A atividade mineral está submetida a regras específicas para pesquisa, aproveitamento de recursos, exploração e comercialização. A Agência Nacional de Mineração é responsável por regular e fiscalizar o aproveitamento dos recursos minerais no país, dentro das diretrizes estabelecidas pela legislação e pelas políticas do setor. A própria agência mantém uma agenda regulatória para organizar temas prioritários e buscar maior previsibilidade no ambiente regulatório.
Segundo Daniel Mors, especialista em negócios com minérios, acompanhar esse ambiente ajuda a compreender como alterações nas regras podem afetar decisões empresariais. Uma mudança normativa pode modificar procedimentos, exigências ou prazos e, consequentemente, influenciar a avaliação de uma operação. A informação jurídica e regulatória, portanto, precisa estar próxima da análise econômica do negócio.
Como políticas públicas podem criar oportunidades?
Políticas públicas podem direcionar investimentos para determinadas áreas consideradas estratégicas. No setor mineral, o governo federal mantém instrumentos voltados a minerais críticos e estratégicos, incluindo políticas relacionadas ao licenciamento, financiamento e projetos considerados prioritários. Entre eles está o Pró-Minerais Estratégicos, criado para articular esforços governamentais destinados à implantação de projetos de produção de minerais estratégicos.

Daniel Mors
Esse ambiente pode ser relevante para empresários como Daniel Mors, porque políticas públicas também ajudam a indicar quais segmentos minerais estão recebendo maior atenção institucional. A identificação dessas prioridades não significa que uma oportunidade esteja automaticamente garantida, mas oferece uma referência para avaliar mercados, investimentos e possibilidades de expansão com maior conhecimento sobre o cenário.
Além disso, políticas de longo prazo ajudam a mostrar como o setor pode ser integrado a estratégias mais amplas de desenvolvimento. Em julho de 2026, o Ministério de Minas e Energia aprovou o Plano Nacional de Mineração 2050, estabelecendo uma nova referência para o planejamento mineral brasileiro. A existência de instrumentos desse tipo reforça a importância de acompanhar não apenas regras imediatas, mas também diretrizes que podem influenciar o setor nos próximos anos.
De que forma incentivos interferem nas decisões empresariais?
Incentivos podem modificar a atratividade econômica de determinados projetos, especialmente quando estão associados a investimentos considerados prioritários. Entre os instrumentos existentes estão mecanismos de financiamento e enquadramentos específicos para projetos de investimento, além de iniciativas relacionadas a minerais críticos e estratégicos. A ANM também registra a possibilidade de direitos minerários serem utilizados como garantia em operações de captação de recursos para financiamento da mineração.

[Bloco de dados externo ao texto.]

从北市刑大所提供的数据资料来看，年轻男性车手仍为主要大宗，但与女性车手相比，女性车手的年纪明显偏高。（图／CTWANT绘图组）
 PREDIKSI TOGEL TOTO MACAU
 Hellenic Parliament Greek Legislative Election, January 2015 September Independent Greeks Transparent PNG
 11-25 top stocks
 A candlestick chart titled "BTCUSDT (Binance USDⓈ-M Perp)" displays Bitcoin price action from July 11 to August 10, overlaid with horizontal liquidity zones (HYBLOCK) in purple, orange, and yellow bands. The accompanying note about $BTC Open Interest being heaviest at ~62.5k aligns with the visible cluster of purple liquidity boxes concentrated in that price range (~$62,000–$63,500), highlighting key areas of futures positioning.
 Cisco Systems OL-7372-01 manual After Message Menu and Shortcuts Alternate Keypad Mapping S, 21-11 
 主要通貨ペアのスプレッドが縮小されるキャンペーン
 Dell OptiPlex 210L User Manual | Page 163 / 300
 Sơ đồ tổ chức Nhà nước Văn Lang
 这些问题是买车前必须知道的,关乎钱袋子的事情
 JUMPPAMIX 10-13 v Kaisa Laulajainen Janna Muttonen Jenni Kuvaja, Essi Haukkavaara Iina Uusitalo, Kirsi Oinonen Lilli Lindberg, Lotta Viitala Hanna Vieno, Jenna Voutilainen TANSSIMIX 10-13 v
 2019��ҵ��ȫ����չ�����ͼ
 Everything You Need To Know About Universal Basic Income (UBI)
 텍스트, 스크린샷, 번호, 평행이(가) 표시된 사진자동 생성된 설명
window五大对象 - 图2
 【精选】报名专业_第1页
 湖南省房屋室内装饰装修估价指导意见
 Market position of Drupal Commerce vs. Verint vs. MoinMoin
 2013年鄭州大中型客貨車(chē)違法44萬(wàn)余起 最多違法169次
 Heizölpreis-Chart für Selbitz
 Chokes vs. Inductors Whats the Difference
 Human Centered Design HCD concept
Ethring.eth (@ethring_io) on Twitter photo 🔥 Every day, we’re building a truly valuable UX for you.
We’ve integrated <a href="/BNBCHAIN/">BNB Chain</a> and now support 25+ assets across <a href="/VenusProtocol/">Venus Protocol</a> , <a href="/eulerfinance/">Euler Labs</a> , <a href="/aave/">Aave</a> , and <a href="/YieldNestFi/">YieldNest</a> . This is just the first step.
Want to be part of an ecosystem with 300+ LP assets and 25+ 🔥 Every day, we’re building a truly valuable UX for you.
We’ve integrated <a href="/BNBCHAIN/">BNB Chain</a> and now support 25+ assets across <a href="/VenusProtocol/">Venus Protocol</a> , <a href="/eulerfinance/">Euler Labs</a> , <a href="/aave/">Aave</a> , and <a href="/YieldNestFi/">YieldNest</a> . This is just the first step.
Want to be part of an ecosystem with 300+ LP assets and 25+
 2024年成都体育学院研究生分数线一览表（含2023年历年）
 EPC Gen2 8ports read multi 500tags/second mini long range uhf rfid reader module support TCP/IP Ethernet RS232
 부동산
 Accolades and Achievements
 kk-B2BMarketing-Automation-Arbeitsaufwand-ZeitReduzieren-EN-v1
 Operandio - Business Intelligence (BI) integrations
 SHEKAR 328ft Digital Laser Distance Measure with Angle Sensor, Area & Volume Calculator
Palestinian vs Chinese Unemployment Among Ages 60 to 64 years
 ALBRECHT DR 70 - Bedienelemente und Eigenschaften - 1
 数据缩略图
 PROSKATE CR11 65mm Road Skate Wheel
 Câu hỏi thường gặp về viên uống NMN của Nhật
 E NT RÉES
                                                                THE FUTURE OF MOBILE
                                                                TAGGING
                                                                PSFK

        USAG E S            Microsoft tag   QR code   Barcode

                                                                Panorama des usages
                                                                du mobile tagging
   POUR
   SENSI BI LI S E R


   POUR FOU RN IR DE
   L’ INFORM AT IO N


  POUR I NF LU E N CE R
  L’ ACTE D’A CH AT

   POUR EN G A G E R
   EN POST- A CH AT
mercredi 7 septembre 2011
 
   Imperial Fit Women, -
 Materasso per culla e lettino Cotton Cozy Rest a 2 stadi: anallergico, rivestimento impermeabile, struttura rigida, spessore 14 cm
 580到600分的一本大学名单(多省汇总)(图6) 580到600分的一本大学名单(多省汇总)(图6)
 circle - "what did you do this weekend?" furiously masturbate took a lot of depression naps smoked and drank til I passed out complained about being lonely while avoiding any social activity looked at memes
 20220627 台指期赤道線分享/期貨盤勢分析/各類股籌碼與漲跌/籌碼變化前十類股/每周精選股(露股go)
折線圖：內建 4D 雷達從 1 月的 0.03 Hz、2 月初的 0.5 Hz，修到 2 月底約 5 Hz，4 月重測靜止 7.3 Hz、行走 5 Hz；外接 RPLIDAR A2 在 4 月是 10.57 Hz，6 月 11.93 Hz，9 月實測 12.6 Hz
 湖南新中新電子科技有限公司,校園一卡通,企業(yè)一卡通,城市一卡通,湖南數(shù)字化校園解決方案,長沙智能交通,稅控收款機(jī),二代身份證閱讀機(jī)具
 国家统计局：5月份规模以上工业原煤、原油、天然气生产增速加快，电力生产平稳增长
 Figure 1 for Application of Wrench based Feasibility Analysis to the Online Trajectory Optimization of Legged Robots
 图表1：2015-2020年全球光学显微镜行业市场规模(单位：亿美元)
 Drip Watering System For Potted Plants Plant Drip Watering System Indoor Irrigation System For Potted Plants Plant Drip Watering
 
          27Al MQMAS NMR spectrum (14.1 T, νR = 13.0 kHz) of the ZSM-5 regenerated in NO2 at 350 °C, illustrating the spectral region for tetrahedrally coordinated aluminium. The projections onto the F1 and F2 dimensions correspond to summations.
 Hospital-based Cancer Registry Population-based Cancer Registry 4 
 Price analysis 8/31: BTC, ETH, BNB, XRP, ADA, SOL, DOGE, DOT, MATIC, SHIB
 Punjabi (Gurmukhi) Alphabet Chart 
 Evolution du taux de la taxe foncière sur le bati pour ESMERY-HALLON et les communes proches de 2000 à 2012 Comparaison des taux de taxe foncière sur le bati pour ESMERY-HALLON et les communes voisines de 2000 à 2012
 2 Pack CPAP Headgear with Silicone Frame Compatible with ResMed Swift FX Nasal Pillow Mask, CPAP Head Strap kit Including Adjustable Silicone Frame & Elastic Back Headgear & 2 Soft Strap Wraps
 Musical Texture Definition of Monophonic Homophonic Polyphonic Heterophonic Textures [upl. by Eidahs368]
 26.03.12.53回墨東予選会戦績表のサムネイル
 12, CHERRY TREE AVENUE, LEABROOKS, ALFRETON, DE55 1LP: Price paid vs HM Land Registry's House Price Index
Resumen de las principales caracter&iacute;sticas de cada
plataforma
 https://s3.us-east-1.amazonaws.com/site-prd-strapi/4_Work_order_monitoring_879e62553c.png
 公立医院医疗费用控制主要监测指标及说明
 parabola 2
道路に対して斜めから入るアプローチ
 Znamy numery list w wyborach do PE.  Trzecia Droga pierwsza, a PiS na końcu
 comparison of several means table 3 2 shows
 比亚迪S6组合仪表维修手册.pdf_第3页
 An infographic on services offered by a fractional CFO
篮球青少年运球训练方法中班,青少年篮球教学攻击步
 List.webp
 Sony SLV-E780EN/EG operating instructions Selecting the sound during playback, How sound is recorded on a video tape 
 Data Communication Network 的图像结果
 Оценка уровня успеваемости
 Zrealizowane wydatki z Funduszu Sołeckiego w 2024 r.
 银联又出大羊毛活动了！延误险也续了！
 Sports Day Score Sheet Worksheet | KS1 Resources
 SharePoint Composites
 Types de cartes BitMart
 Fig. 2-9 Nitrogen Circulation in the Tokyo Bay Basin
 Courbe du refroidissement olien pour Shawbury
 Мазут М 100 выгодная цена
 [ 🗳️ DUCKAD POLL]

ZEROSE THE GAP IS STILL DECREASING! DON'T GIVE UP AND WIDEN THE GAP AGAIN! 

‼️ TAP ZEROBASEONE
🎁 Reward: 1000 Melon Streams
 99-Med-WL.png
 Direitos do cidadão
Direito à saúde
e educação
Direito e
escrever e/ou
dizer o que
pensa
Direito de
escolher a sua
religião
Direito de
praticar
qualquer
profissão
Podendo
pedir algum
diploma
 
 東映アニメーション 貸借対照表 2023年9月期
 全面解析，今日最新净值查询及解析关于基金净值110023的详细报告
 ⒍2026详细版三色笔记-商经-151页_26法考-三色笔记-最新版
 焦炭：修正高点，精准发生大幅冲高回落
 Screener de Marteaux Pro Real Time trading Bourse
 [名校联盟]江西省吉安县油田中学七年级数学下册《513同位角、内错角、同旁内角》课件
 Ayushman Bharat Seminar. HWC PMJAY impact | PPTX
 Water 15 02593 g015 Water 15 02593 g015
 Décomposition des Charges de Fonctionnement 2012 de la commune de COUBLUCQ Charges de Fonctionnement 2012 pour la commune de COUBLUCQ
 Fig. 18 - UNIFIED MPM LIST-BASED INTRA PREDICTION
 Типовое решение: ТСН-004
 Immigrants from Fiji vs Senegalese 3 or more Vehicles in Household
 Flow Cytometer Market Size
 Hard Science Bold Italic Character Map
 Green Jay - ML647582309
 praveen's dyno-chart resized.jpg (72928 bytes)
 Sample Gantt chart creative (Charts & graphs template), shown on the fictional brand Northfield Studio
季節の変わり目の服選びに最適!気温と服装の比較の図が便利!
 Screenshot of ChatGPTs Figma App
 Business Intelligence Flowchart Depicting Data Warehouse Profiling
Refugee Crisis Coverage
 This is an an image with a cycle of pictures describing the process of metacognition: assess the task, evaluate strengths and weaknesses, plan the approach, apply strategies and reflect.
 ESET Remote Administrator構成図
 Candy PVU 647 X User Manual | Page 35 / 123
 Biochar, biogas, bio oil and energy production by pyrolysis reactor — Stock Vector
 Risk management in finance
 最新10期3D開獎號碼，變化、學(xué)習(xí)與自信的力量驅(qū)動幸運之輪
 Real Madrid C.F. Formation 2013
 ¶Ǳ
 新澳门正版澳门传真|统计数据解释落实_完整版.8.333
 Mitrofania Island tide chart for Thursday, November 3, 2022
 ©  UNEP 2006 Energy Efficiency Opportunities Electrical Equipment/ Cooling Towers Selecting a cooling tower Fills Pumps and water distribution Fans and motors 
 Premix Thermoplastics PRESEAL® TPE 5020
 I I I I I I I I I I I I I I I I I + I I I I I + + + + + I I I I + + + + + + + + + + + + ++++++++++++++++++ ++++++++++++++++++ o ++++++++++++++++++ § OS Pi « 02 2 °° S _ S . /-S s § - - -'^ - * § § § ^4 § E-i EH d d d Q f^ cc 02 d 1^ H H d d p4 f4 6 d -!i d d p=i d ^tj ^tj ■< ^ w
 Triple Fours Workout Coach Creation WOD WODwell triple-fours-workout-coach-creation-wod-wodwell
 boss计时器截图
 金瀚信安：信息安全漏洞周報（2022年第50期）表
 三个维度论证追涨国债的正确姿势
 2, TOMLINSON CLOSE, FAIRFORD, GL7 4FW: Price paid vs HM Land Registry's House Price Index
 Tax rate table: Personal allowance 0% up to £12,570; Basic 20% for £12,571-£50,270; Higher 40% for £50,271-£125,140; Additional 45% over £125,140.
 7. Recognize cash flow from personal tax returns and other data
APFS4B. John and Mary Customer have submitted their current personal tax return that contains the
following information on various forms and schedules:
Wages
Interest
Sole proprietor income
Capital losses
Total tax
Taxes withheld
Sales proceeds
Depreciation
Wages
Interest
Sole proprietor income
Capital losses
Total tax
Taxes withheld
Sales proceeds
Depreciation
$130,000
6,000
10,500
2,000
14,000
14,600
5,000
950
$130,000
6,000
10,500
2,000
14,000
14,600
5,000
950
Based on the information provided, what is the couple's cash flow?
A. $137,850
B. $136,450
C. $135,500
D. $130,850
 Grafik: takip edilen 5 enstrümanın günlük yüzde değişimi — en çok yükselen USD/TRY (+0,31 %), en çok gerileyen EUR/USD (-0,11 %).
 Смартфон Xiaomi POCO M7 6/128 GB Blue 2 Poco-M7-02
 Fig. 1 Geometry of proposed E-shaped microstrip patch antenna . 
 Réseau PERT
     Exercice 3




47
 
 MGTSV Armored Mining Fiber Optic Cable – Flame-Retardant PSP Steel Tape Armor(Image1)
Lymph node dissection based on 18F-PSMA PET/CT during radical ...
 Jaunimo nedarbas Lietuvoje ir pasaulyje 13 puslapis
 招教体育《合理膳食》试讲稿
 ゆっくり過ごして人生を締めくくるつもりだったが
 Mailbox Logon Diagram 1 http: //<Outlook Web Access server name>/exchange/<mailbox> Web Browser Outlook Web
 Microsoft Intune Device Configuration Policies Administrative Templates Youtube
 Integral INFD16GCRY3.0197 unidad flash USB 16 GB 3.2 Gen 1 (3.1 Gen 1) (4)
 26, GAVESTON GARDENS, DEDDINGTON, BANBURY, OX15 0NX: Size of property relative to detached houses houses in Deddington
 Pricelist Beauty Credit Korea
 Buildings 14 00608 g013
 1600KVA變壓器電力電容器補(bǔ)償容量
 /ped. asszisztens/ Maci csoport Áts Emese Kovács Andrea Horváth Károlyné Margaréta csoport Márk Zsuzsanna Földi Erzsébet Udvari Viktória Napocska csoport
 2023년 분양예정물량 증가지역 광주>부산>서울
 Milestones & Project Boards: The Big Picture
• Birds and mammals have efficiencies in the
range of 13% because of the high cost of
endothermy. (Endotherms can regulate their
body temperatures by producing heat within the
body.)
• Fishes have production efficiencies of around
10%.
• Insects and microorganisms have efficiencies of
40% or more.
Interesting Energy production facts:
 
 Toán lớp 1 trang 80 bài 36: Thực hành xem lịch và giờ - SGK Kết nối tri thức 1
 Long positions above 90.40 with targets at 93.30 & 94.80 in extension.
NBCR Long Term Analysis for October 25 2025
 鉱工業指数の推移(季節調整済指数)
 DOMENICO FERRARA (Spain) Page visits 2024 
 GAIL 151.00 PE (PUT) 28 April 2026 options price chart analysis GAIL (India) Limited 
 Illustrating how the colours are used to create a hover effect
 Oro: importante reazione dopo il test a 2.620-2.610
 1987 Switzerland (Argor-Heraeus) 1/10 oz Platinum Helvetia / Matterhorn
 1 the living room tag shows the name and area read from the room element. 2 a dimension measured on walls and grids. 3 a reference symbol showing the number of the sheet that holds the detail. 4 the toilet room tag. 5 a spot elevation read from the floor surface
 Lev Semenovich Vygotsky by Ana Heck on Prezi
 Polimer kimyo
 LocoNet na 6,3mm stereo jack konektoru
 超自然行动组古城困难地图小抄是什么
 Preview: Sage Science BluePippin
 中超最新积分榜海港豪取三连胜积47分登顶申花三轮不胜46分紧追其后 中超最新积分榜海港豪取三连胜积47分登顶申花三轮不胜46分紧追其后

Para Daniel Mors, compreender esses mecanismos pode ampliar a capacidade de avaliar oportunidades no mercado mineral. Um incentivo não deve ser analisado isoladamente, porque sua utilização depende das características do projeto, dos requisitos aplicáveis e da estrutura financeira envolvida. A decisão precisa considerar o conjunto de condições que determina a viabilidade de cada iniciativa, incluindo os compromissos necessários para sua execução.
A análise também deve observar mudanças nas políticas de financiamento. O BNDES, por exemplo, possui regulamentação socioambiental e climática específica para apoio ao setor de mineração, com critérios relacionados a aspectos ambientais, climáticos e sociais dos empreendimentos. Isso demonstra como o acesso a recursos e os requisitos de sustentabilidade podem caminhar juntos na avaliação de projetos, influenciando tanto o planejamento financeiro quanto a estruturação das operações.